The Lebanese army’s chief of staff, Gen. Michel Suleiman, was voted president Sunday, May 25, by 118 deputies to 6 abstentions.
debkafile‘s Middle East analysts report: The enormous relief felt by the Lebanese people at finally having a president after 18 months of political turmoil must be dampened for many by the way he attained office.
Gen. Michel Suleiman won the opposition’s support by flatly refusing to obey the orders of his prime minister, the pro-Western Fouad Siniora, to put down the Hizballah rebellion in the first half of May. But instead of being sacked for insubordination and banished, Suleiman was sworn in as president.
Siniora, who backed the wrong horse, lost his job and appears to be heading for exile and a possible position in the World Bank, according to Washington rumors.
The real winners of this topsy-turvy arrangement, the Syrian and Iranian foreign ministers, Walid Mualem and Manouchehr Mottaki, watched the ceremony in parliament from ringside seats.
Also present was a low-ranking US delegations led by Congressman Nick Rahall, a Democrat from Virginia of Lebanese origin. Two other prominent Western officials there were French foreign minister Bernard Kouchner and the European Union’s Javier Solana.
The occasion marks five disturbing developments for the United States, the West and Israel:
1. The new government about to be formed in Beirut will be headed by majority leader Saad Hariri, who until now led the ruling anti-Syrian coalition.
debkafile‘s Middle East sources report that Saad Hariri did not inherit the strong character of his assassinated father, the former prime minister Rafiq Hariri, who was willing to pay the price for ridding Lebanon of Syrian and Iranian influence.
In any case the prime minister’s authority has been pared down by the Doha Accord of May 21, which assigned the Syrian-backed opposition led by Hizballah 11 cabinet seats (compared with the majority factions’ 16) and therefore veto power. The weight of authority has now passed to the president.
2. Hizballah, which the Doha Accord declined to disarm, becomes the dominant military force in the country. The bases and weapons systems of Lebanon’s army, air force and navy will eventually pass into Hizballah’s hands, in keeping with the Iranian model, whereby the Revolutionary Guards is the superior military power in the land rather than the army.
This pattern of a dominant armed force subservient to the clerical establishment rather than the government is one of the dictates of a Shiite regime.

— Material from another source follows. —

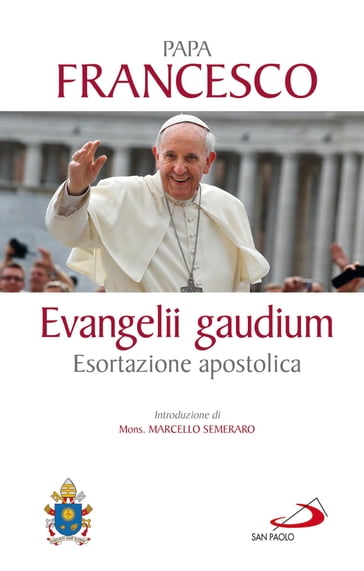 Evangelii gaudium. Esortazione apostolica - Francesco Papa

To all intents and purposes, the Hizballah five-day coup sets Lebanon on the road to this outcome in Beirut.
3. Lebanon’s non-Shiite communities – Sunni, Druze and Christian – because their factional militias did not stand up to Hizballah, will have to watch the shrinkage of their power and national leverage. An exodus is expected to quickly gain ground.
4. The Tehran-Damascus-Hizballah axis took another leap forward Sunday in Beirut. Israeli prime minister Ehud Olmert’s claim that his peace talks with Syria will eventually contribute to weakening this alliance is clearly without substance.
5. Lebanon under the Suleiman presidency threatens to become the most anti-Israel administration in the Arab world. The new Beirut will find much in common with the Palestinian Hamas and openly reinforce the solid support quietly provided by Hizballah.